Being a serious former Ambassador Oliver Miles manages to give the lame FCO diplo-blogging genre the thrashing it richly deserves AND do so in an elegant Guardian article:
Why do diplomats (and Whitaker’s article quotes some examples from Americans as well as the British) feel the need to let it all hang out?
The reason is simple. The Miliband regime in the Foreign Office, obsessed with "process", "image", and to be blunt anything trendy, encouraged the idea that running a blog was a good career move.
I wrote about this strange phenomenon back in 2009. See also this:
The point is that under the way our democracy functions British diplomats can’t work like that. Nor do they. Anything close to being critical or tendentious or spikey or provocative is likely to annoy either a host government or HQ or both.
Just say a diplomat posted a blog entry politely speculating on the wisdom of current Climate Change or Middle East policy. Imagine the scenes in Parliament:
"The Secretary of State apparently can not persuade even his own senior officials of the wisdom of this policy! Why should we take any notice of him?"
Which is why the FCO blogs are a friendly but bland product, making no serious contribution to the ‘global foreign policy debate’.

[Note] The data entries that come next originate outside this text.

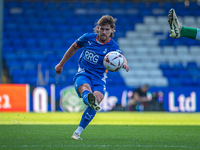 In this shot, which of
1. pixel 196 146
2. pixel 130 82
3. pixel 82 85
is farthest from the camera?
pixel 130 82

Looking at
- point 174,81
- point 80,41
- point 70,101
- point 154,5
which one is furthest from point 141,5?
point 80,41

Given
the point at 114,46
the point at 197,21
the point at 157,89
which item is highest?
the point at 197,21

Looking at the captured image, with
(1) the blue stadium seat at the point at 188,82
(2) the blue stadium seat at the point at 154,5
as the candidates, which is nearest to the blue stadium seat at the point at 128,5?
(2) the blue stadium seat at the point at 154,5

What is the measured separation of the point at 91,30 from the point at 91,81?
12.5 meters

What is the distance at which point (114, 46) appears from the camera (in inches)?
199

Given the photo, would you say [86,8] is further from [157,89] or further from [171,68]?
[157,89]

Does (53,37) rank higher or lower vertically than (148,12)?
lower

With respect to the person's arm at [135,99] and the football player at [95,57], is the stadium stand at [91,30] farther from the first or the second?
the football player at [95,57]

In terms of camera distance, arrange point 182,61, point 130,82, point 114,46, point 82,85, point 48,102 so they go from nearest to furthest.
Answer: point 82,85 < point 114,46 < point 48,102 < point 130,82 < point 182,61

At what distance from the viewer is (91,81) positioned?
496 cm

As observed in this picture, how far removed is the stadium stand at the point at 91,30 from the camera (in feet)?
50.3

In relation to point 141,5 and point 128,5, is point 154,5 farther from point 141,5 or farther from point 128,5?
point 128,5

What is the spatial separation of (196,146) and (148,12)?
599 inches

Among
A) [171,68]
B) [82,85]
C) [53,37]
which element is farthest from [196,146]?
[53,37] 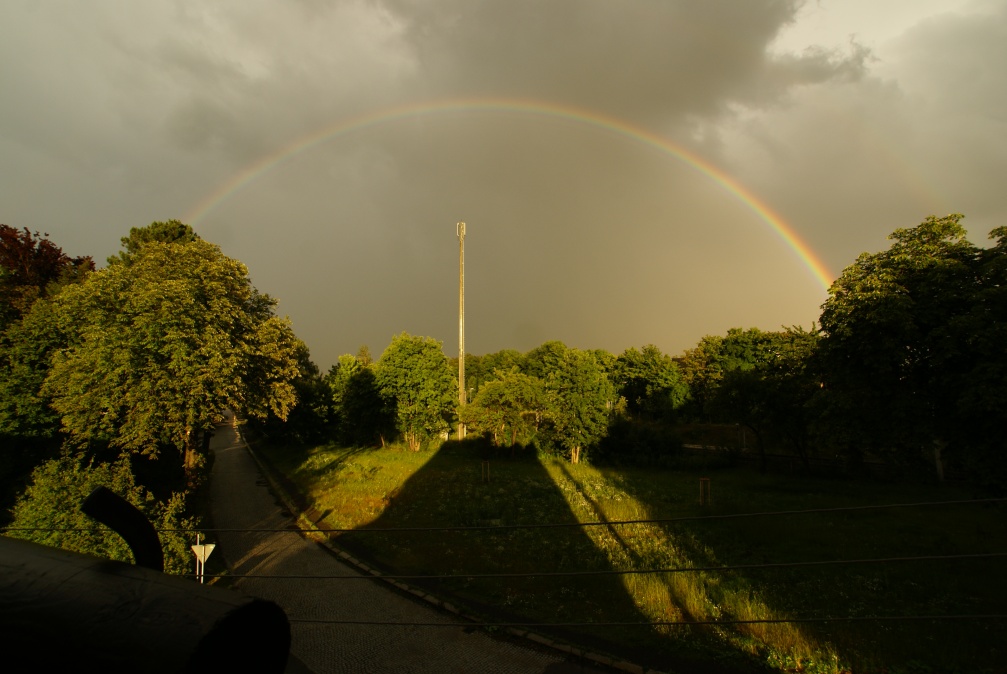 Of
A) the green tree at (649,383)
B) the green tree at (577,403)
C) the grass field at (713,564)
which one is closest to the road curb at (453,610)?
the grass field at (713,564)

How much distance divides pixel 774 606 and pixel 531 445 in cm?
3193

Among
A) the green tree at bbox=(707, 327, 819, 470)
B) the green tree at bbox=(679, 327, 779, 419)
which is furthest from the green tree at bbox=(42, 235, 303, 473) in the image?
the green tree at bbox=(679, 327, 779, 419)

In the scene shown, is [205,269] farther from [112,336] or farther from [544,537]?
[544,537]

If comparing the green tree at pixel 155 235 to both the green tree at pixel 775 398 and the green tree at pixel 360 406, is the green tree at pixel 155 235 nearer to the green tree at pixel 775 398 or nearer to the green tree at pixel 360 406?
the green tree at pixel 360 406

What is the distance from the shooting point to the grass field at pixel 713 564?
32.7 feet

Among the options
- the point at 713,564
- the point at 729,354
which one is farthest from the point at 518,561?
the point at 729,354

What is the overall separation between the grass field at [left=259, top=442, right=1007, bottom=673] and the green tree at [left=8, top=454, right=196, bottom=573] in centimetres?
602

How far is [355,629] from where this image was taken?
1195 cm

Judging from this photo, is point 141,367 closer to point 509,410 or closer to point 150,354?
point 150,354

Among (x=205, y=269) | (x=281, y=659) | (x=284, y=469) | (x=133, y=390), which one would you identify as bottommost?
(x=284, y=469)

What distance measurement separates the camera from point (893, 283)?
1753cm

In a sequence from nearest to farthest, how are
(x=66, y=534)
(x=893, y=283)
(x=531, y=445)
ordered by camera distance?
(x=66, y=534)
(x=893, y=283)
(x=531, y=445)

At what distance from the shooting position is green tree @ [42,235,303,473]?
20.2 meters

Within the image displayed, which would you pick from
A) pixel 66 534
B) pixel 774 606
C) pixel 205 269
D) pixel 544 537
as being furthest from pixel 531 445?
pixel 66 534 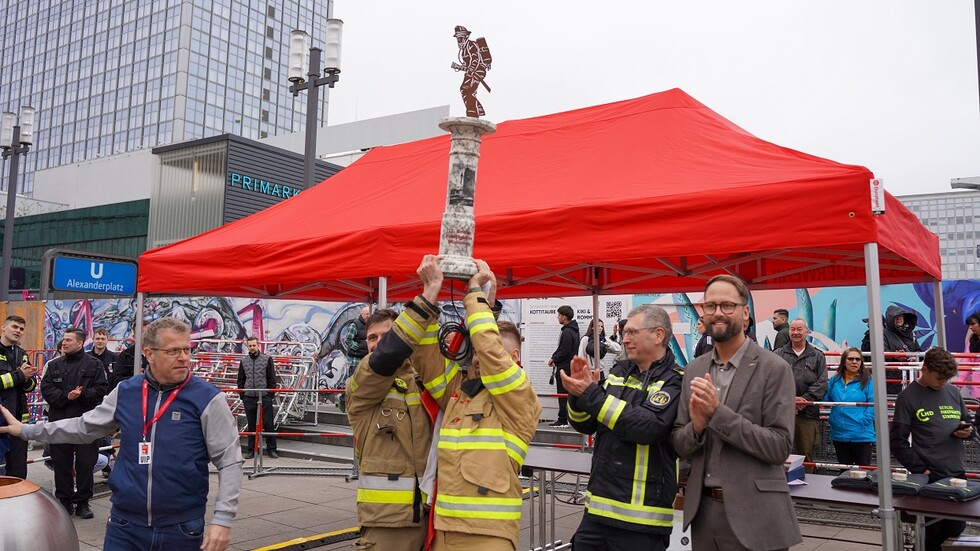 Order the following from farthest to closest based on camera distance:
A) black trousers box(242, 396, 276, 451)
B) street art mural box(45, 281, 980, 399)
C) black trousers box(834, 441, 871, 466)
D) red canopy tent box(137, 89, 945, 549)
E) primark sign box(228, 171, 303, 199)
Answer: primark sign box(228, 171, 303, 199) < street art mural box(45, 281, 980, 399) < black trousers box(242, 396, 276, 451) < black trousers box(834, 441, 871, 466) < red canopy tent box(137, 89, 945, 549)

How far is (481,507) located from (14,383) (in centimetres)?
653

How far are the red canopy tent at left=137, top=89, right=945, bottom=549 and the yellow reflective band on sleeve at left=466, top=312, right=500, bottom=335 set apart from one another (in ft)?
5.69

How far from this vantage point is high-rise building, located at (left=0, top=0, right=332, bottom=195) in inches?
3819

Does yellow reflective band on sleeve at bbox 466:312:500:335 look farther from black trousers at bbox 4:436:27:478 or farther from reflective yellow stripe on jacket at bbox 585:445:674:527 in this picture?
→ black trousers at bbox 4:436:27:478

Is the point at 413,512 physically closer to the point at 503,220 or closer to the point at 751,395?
the point at 751,395

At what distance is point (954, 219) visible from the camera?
75.8 ft

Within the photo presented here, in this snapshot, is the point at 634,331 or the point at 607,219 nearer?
the point at 634,331

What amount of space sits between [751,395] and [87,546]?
6.32 metres

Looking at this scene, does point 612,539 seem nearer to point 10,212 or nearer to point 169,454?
point 169,454

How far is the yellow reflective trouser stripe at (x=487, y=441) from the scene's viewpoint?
11.0 ft

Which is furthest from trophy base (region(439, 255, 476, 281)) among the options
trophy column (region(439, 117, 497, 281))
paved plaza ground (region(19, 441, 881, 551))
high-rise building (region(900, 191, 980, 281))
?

This angry piece by Melanie Philips shows what happens when a busily blogging Ambassador starts to be rather less than bland in a policy area of huge sensitivity, such as the Middle East.
I agree with Oliver:
Let’s hope William Hague will blow the whistle. There is a good Yorkshire saying: Hear all, see all, say now’t.
Although one might gracelessly quibble with the wayward apostrophe in now’t?